Sukses

Produksi Lapangan Migas Jangkrik Sesuai Target

Produksi dari Lapangan Jangkrik, di Kalimantan Timur diharapkan dapat memberi efek signifikan untuk industri hulu migas Indonesia.

Liputan6.com, Jakarta - Lapangan minyak dan gas (migas) Jangkrik, di Blok Muara Bakau, Selat Makassar, Kalimantan Timur,‎ telah berproduksi sesuai target. Produksi dari lapangan Jangkrik menambah produksi migas Indonesia.

Menteri Energi dan Sumber Daya Mineral (ESDM) Ignasius Jonan mengatakan, lapangan migas Jangkrik telah memproduksi gas sebesar 120 sampai 130 juta standar kaki kubik per hari (MMSCFD) pada 26 Mei 2017. Hal ini sesuai target yang telah ditetapkan.

"Target bulan Mei, tercapai tidak? Tercapai, mulai 26 Mei, FPU Jangkrik sudah on stream. Produksinya sekarang kira-kira 120-130 mmscfd," kata Jonan, dalam keterangan tertulis, di Jakarta, Senin (12/6/2017).

Saat mengeksploitasi lapangan Jangkrik, guna memproduksi gas dan kondensat yang menjadi cikal bakal minyak, operator lapangan tersebut, yaitu Eni menggunakan Floating Processing Unit (FPU) Jangkrik.

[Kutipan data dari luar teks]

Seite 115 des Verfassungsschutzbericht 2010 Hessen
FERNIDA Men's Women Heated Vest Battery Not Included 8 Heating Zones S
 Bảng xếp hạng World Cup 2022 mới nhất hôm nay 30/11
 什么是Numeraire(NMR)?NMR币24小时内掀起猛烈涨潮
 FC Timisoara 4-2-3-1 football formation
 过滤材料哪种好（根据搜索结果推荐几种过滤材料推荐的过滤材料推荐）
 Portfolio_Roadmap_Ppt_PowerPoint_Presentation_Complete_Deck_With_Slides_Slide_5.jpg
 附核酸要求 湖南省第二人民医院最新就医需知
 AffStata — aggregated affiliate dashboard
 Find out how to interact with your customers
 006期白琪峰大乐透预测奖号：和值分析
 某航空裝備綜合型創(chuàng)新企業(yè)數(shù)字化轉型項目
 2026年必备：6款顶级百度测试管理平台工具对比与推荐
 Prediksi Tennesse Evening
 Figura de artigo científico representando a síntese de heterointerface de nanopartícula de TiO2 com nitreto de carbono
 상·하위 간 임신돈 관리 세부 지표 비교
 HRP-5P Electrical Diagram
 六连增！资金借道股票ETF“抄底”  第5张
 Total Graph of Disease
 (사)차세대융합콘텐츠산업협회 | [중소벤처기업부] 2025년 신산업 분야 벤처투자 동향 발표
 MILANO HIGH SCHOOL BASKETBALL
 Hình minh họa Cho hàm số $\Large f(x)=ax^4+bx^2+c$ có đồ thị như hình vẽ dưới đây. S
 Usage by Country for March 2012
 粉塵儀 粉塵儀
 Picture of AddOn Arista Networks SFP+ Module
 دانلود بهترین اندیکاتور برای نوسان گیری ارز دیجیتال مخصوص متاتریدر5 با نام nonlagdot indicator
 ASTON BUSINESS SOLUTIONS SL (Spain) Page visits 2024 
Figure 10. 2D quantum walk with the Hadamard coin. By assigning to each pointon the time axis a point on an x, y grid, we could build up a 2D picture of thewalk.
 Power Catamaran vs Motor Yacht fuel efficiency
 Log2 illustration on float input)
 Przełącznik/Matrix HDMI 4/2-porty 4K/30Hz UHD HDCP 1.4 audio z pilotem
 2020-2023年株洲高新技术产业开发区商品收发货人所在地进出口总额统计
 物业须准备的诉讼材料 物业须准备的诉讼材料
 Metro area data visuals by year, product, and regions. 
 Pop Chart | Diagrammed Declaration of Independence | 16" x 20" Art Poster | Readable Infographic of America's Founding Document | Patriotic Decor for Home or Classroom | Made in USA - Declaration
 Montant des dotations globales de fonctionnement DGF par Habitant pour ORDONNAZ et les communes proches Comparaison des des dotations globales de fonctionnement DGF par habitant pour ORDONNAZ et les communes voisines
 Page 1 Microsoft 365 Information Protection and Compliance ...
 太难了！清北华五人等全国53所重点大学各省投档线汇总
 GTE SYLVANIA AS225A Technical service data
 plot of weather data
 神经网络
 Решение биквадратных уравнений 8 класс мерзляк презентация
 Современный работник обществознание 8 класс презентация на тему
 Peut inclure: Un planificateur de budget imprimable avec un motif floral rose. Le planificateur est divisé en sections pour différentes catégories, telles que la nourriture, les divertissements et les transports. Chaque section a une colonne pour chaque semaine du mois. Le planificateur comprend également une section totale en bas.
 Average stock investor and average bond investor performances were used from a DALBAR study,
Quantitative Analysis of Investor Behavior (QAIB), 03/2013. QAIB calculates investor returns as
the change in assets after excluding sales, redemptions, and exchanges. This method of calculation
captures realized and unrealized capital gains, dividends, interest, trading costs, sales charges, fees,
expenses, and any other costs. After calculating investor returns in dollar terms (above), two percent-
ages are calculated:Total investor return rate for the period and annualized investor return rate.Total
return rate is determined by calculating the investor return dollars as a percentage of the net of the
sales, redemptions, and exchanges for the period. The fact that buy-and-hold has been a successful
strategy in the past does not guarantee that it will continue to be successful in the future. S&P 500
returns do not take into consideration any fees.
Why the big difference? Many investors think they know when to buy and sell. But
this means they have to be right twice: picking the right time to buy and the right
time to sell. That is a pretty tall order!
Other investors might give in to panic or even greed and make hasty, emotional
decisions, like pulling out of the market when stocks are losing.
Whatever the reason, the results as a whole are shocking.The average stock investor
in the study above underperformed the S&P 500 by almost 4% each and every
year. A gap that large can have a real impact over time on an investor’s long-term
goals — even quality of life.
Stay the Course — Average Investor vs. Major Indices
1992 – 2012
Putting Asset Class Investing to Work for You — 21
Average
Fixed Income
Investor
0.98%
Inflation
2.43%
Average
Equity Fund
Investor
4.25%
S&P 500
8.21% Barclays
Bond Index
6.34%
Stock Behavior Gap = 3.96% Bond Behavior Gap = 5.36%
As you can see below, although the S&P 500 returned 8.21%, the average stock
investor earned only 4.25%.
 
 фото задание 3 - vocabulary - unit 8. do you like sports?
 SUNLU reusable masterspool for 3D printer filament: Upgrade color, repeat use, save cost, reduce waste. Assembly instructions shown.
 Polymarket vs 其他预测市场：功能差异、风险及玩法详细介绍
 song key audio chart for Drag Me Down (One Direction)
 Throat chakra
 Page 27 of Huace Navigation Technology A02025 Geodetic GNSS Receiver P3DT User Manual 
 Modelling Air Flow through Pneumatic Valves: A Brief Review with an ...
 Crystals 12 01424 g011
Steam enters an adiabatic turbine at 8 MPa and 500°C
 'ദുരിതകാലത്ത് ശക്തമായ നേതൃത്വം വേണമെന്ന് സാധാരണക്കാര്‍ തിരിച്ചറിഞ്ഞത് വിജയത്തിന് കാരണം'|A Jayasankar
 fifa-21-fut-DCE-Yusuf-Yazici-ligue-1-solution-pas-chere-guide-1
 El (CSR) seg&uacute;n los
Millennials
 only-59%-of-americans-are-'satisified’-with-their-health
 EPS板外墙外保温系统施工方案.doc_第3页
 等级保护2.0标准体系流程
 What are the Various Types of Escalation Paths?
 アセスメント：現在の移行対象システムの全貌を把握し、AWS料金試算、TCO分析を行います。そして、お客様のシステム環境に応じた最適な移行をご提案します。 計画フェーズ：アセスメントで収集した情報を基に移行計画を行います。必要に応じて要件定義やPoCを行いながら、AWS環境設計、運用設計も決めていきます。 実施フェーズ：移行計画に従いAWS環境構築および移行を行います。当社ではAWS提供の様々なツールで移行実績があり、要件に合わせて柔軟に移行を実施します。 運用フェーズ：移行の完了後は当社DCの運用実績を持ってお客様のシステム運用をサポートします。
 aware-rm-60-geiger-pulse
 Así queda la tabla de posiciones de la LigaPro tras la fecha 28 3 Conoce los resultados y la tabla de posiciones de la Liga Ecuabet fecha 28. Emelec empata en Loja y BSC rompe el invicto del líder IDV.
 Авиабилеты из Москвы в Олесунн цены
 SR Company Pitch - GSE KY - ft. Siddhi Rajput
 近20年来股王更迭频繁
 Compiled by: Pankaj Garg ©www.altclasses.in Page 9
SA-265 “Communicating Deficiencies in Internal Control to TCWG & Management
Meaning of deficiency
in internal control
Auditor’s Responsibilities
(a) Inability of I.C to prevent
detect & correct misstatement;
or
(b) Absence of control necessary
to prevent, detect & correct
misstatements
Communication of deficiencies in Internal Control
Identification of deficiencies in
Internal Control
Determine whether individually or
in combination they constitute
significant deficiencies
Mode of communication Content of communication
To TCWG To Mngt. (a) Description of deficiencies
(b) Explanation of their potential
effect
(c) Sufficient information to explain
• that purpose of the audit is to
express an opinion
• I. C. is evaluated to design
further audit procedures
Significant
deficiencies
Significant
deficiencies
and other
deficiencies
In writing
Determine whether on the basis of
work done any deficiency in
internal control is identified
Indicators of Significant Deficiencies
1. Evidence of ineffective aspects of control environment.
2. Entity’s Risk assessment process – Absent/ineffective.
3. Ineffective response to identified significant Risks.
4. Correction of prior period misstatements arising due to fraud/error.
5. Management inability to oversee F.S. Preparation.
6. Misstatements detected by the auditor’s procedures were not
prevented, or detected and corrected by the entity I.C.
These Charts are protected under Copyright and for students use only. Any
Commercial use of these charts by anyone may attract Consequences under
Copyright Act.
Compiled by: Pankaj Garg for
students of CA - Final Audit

Hal ini dilakukan karena lapangan Jangkrik terletak di lepas pantai.

"FPU Jangkrik ini sebenarnya adalah kapal yang dipakai untuk melakukan eksploitasi gas dan kondensatnya di lepas pantai, yang berada di laut dalam sekitar 450 meter," jelas Jonan.

Pengoperasian FPU Jangkrik tersebut menjadi bukti, saat ini Indonesia tetap mampu mengembangkan lapangan migas baru. "FPU Jangkrik yang on stream pada 26 Mei 2017 ini bukti kita mampu kembangkan lapangan migas baru, dan kita akan selalu melakukannya," tambah Jonan.

Sesuai dengan rencana kapasitas produksi, kapal FPU Jangkrik dirancang untuk pengolahan gas dengan kapasitas hingga 450 MMSCFD secara bertahap, atau setara dengan 83 ribu barel setara minyak per hari (barrel oil equivalen per day/boepd).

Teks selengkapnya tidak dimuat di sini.